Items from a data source
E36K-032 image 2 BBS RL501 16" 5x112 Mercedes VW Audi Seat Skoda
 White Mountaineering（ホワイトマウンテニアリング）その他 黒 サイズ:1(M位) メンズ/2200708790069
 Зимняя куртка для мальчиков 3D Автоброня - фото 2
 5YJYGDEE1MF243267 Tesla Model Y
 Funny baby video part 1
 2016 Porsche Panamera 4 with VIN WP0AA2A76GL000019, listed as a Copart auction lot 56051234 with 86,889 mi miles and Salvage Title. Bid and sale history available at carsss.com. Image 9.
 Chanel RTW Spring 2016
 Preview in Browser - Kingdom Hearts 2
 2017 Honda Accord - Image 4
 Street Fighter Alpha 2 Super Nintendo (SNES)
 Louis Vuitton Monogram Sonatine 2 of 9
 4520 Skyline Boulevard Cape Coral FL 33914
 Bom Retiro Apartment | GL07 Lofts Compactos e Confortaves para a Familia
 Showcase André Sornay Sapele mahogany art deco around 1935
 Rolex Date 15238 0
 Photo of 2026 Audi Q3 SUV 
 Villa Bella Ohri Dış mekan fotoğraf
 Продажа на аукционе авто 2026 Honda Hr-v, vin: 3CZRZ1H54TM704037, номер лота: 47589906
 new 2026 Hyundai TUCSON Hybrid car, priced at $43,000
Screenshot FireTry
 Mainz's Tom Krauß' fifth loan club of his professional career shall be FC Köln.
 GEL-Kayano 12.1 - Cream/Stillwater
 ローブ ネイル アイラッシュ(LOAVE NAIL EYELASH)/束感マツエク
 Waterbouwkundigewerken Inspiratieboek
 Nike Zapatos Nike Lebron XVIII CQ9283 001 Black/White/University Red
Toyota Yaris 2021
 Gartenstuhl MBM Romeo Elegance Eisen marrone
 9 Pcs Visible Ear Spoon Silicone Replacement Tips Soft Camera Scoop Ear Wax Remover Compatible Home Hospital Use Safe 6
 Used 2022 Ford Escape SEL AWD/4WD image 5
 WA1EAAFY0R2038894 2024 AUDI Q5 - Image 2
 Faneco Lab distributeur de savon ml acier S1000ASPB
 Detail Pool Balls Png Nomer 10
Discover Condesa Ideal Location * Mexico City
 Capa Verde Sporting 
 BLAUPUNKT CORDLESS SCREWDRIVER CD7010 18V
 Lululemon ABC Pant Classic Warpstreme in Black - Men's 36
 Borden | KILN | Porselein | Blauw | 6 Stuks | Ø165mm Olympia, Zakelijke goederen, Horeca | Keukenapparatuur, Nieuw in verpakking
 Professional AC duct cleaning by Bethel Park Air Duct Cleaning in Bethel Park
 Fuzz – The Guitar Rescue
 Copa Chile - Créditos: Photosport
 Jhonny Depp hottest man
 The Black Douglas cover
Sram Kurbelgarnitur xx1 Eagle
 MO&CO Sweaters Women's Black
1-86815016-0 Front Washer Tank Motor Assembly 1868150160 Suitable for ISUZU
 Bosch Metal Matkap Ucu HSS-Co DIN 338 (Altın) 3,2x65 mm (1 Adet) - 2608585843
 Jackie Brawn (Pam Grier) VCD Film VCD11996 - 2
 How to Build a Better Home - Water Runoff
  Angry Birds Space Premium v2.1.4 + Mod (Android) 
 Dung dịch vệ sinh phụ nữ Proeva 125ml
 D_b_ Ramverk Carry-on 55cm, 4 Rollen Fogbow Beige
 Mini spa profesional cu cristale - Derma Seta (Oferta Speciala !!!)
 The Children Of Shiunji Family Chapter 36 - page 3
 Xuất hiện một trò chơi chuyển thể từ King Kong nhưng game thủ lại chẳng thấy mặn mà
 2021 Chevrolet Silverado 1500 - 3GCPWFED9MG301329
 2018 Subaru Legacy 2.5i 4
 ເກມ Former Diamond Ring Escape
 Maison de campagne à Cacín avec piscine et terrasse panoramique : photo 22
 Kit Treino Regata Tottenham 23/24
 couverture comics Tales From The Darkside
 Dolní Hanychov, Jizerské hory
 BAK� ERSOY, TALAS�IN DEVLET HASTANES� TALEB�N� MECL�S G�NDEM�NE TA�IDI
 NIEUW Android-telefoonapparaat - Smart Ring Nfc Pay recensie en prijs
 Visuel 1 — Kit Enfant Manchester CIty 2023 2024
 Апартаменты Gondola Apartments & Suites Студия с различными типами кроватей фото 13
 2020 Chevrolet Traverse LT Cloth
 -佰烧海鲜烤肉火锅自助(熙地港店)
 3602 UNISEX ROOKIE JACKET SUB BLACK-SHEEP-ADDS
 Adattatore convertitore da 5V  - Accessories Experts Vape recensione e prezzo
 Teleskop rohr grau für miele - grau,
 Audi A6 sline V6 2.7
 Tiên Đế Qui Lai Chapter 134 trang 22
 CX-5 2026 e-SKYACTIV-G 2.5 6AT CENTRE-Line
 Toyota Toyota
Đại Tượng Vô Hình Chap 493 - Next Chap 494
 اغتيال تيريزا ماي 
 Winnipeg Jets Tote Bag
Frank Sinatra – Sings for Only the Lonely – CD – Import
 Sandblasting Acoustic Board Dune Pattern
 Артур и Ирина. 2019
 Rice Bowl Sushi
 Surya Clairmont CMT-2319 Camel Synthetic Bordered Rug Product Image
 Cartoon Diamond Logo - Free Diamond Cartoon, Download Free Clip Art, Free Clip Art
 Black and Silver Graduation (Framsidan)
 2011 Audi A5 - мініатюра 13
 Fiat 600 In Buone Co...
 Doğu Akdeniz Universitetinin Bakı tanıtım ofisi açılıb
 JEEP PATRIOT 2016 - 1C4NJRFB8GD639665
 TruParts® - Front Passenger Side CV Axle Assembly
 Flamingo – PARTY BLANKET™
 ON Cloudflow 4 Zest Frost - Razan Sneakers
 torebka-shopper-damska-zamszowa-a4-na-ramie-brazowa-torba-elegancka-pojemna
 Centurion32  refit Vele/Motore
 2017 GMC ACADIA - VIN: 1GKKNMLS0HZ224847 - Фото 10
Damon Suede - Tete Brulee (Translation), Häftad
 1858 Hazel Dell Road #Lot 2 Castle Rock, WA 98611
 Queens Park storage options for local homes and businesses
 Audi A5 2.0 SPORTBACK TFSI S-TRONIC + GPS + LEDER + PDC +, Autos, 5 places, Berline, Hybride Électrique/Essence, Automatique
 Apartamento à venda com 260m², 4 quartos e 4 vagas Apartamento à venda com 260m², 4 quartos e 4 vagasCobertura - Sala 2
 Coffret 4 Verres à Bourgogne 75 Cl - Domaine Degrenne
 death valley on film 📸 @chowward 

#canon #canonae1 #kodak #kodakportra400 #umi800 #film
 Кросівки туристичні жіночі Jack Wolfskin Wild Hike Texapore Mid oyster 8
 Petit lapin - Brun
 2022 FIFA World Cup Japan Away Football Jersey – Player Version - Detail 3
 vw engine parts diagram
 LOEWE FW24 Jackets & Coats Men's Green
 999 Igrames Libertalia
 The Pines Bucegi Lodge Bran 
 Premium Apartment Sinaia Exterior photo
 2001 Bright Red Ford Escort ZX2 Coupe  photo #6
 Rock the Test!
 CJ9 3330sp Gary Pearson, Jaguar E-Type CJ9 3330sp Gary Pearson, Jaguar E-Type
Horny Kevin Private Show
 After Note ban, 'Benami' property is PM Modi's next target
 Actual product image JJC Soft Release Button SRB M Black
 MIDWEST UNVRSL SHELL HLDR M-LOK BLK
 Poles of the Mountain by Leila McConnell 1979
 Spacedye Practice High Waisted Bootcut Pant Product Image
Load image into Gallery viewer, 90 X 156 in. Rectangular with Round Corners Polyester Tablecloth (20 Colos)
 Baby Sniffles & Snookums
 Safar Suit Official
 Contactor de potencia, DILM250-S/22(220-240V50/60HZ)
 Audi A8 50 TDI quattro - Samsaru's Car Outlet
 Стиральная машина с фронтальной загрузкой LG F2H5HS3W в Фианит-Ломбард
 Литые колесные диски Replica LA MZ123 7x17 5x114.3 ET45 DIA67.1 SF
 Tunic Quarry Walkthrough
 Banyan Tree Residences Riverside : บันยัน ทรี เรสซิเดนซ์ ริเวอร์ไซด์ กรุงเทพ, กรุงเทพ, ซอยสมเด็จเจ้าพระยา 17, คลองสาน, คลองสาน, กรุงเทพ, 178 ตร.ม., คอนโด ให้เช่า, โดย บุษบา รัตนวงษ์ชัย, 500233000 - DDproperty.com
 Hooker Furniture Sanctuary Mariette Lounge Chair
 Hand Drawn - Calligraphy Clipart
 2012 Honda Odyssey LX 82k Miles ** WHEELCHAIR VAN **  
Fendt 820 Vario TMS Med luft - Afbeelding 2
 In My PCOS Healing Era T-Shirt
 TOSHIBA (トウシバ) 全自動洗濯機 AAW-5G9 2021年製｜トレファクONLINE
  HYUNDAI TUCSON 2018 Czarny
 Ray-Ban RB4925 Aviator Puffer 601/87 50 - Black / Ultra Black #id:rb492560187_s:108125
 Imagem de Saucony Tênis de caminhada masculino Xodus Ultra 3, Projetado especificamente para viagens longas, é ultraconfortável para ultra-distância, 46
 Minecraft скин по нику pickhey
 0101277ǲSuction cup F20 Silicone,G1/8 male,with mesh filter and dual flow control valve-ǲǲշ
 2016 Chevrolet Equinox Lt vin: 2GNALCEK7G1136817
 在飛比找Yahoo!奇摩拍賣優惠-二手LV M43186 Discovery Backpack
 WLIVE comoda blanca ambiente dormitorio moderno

TASK TO COMPLETE: The lines to extract from the data above begin with the line containing "Fuzz – The Guitar Rescue" and end with the line containing "The Children Of". Extract them exactly, including both.

ANSWER SECTION:
 Fuzz – The Guitar Rescue
 Copa Chile - Créditos: Photosport
 Jhonny Depp hottest man
 The Black Douglas cover
Sram Kurbelgarnitur xx1 Eagle
 MO&CO Sweaters Women's Black
1-86815016-0 Front Washer Tank Motor Assembly 1868150160 Suitable for ISUZU
 Bosch Metal Matkap Ucu HSS-Co DIN 338 (Altın) 3,2x65 mm (1 Adet) - 2608585843
 Jackie Brawn (Pam Grier) VCD Film VCD11996 - 2
 How to Build a Better Home - Water Runoff
  Angry Birds Space Premium v2.1.4 + Mod (Android) 
 Dung dịch vệ sinh phụ nữ Proeva 125ml
 D_b_ Ramverk Carry-on 55cm, 4 Rollen Fogbow Beige
 Mini spa profesional cu cristale - Derma Seta (Oferta Speciala !!!)
 The Children Of Shiunji Family Chapter 36 - page 3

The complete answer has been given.